Staff at London’s National Gallery are to stage a five-day strike starting today, as a protest over the privatisation of jobs and services within the gallery. The walk-out will take place from this morning and carry on until the 7th February. The Public and Commercial Services (PCS) union stated that its members had voted by more than nine to one in favour of industrial action. The National Gallery have retaliated by saying that the proposed changes were “necessary” and that it was “disappointed” by the strike vote.
Up to 250 workers are expected to be involved in the dispute over the gallery’s latest cost cutting plans, which PCS general secretary Mark Serwotka has described as “reckless”. He added; “This five-day walkout will put the National Gallery in the spotlight for all the wrong reasons. “The sell-off plan… risks damaging the worldwide reputation of what is one of the UK’s greatest cultural assets.”
The National Gallery have kept their agenda a well kept secret from the public, but it is understood to include plans “to privatise almost all staff, including those who look after the paintings, providing six million annual visitors with one of the best museum experiences in the world.
“They have also reneged on a promise to introduce the London living wage, meaning the institution is the only major museum or gallery in the capital that does not pay it.”
In a statement issued by the National Gallery, they insisted that its modernisation plans would entail no job losses while enabling it to operate with “greater flexibility”. Directors expect the gallery to remain open throughout the industrial action, with some education events cancelled during the strike and the possibility of some rooms being closed off to the public.
The National Gallery added, “Due to PCS members of National Gallery staff taking part in industrial action on 3 – 7 February 2015, today (Tuesday 3 February 2015) the following rooms are open – Rooms 9, 10, 12, 51 – 66, Central Hall, Room 1 and The Sunley Room.
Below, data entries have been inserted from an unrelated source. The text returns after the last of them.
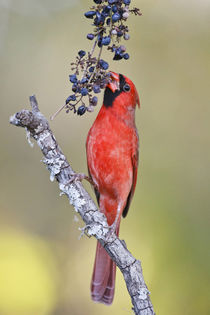 Northern Cardinal adult male feeding on wild grapes von Danita Delimont
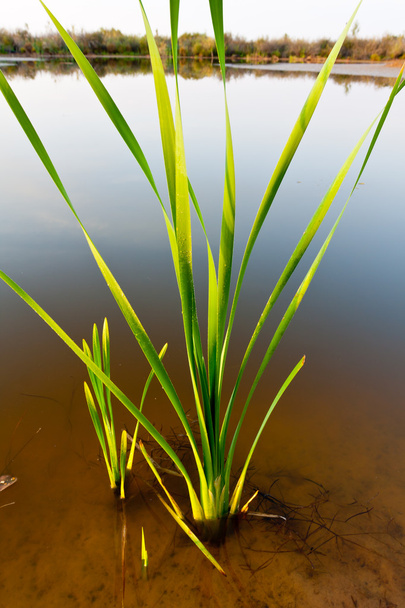 Cane rostlin v jezeře - Fotografie, Obrázek
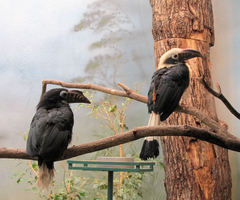 Penelopides manillae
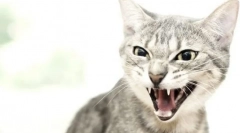 Dlaczego kot uderza mężczyznę?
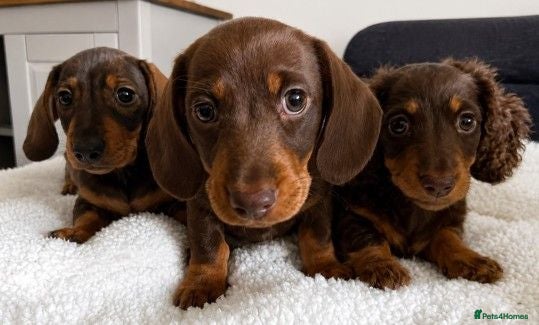 Miniature Dachshund dogs KC Miniature Dachshunds ready for forever homes - Advert 1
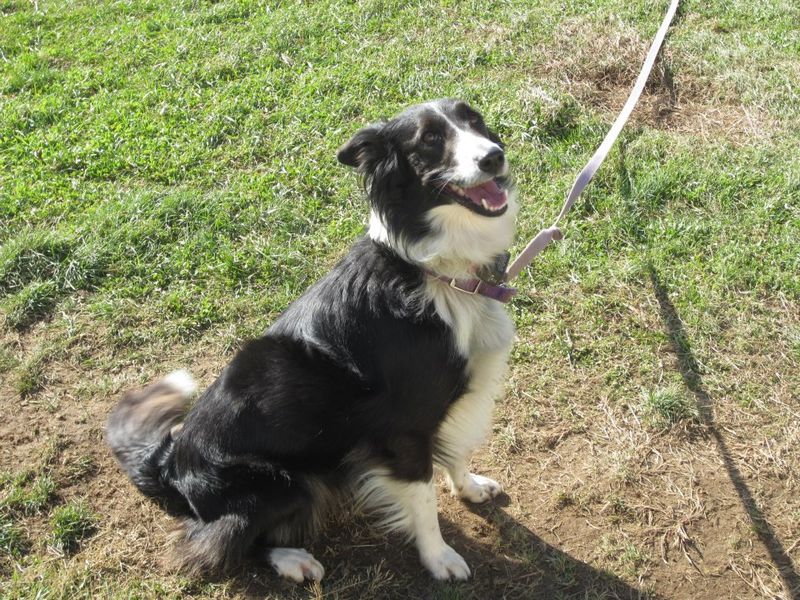 English Shepherd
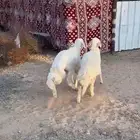 خروف ورخل .الخروف مبدا والرخل وسط.حلال مشروط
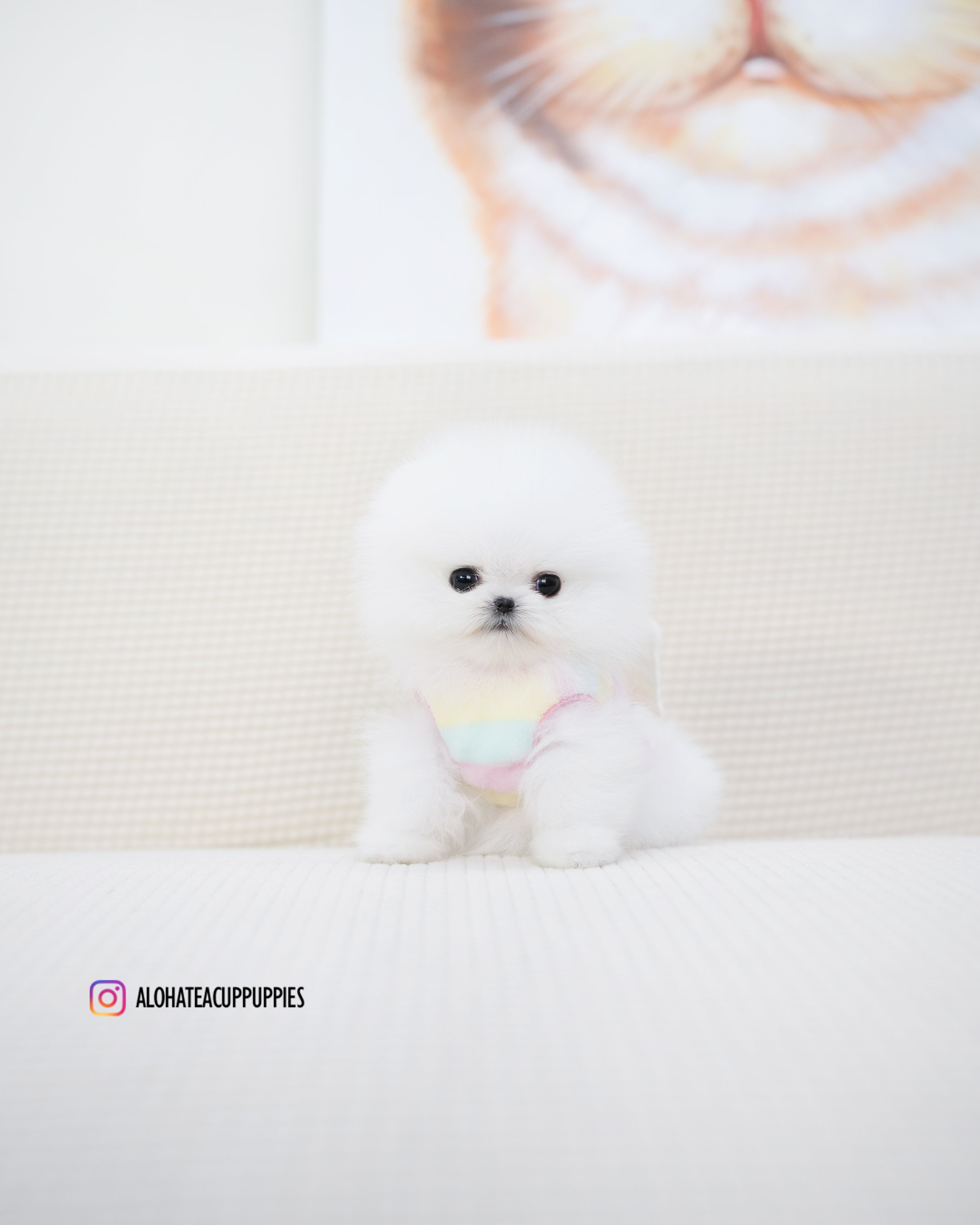 Milk [POMERANIA TAZA DE TÉ]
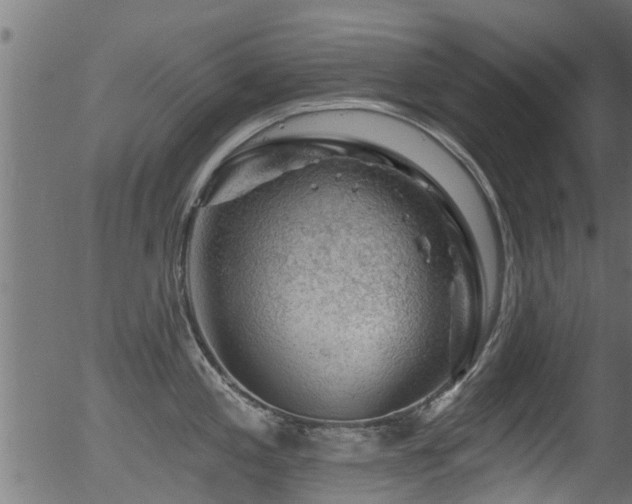 X0000056331197200508291244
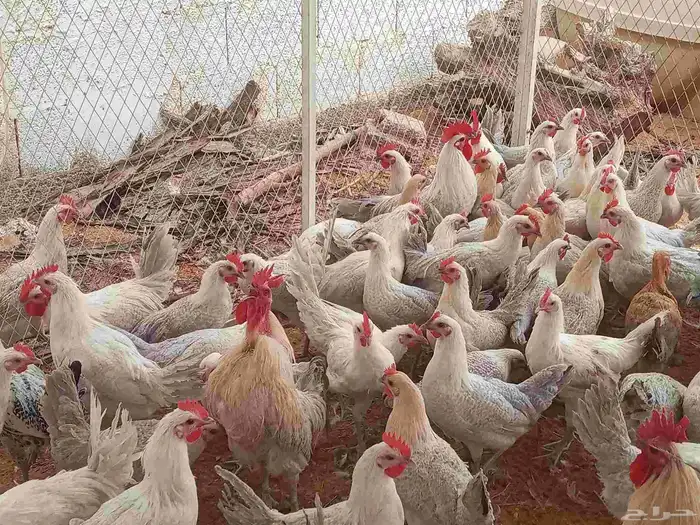 دجاج فيومي المنيوم بياض شبابيات 4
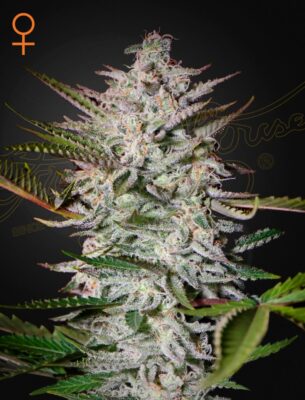 Holy Punch Green House Seeds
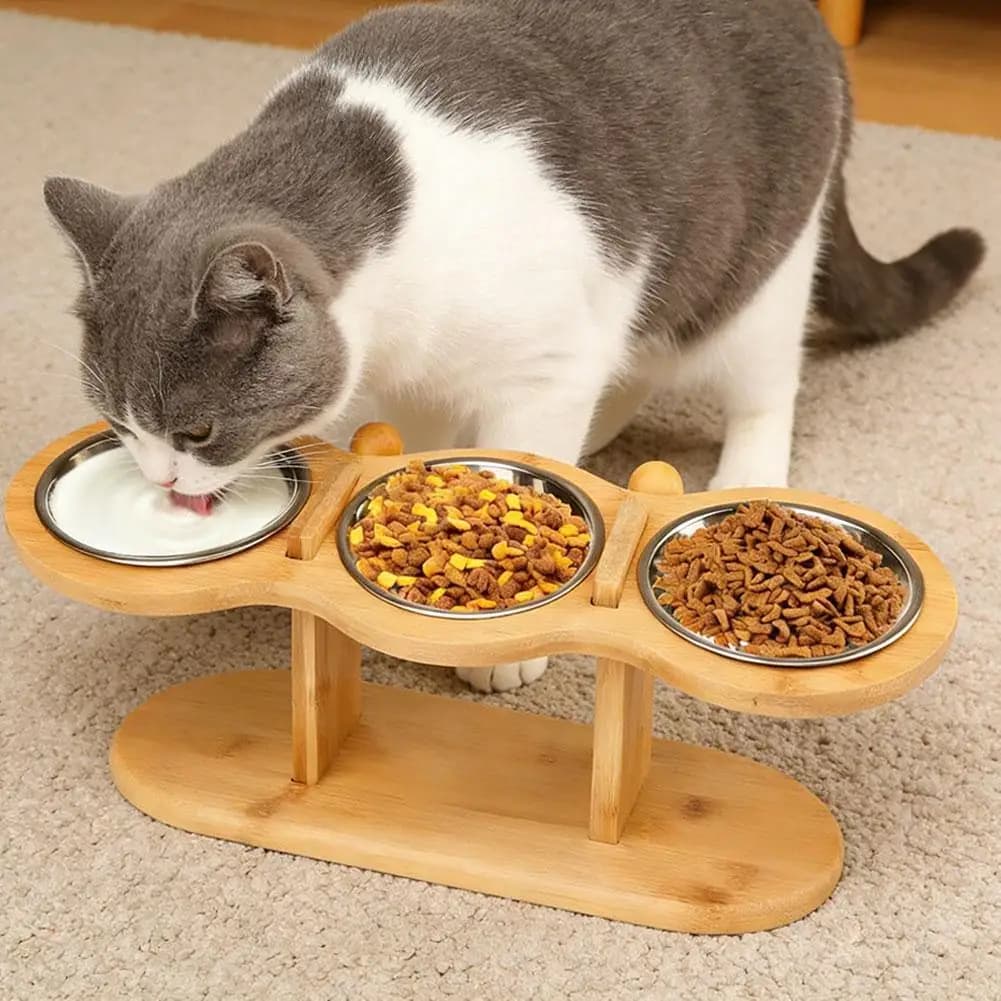 Ciotole Rialzate per Gatti, Ciotole per Cibo Elevate 15 ° Ciotole Inclinabili per Gatti e Cuccioli, Supporto per Alimentazione con 3 Ciotole in Acciaio Inossidabile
All planned Education events have had to be cancelled or rescheduled.
Retail services (the National Gallery Dining Rooms, the National Café and the shops) are not affected by this dispute. Notices are also displayed at the main entrance points to the National Gallery – the Getty, Portico, and Sainsbury Wing entrances are open, Orange Street Entrance is closed.
The National Gallery stated; “We are a public asset and we have a duty to ensure the collection and the Gallery itself is accessible as much as possible, to as many people as possible. We take this task seriously and therefore have an ongoing modernisation programme designed to encourage a broader audience to access the wealth of cultural inspiration the National Gallery has to offer – so far this has included initiatives such as introducing Wi-Fi, a Membership scheme and photography. We also have ambitious future plans to further extend our Education programme and public events”. “However in order to allow these plans to be implemented we need to introduce a new roster for some visitor facing and security staff to enable the National Gallery to operate more flexibly”.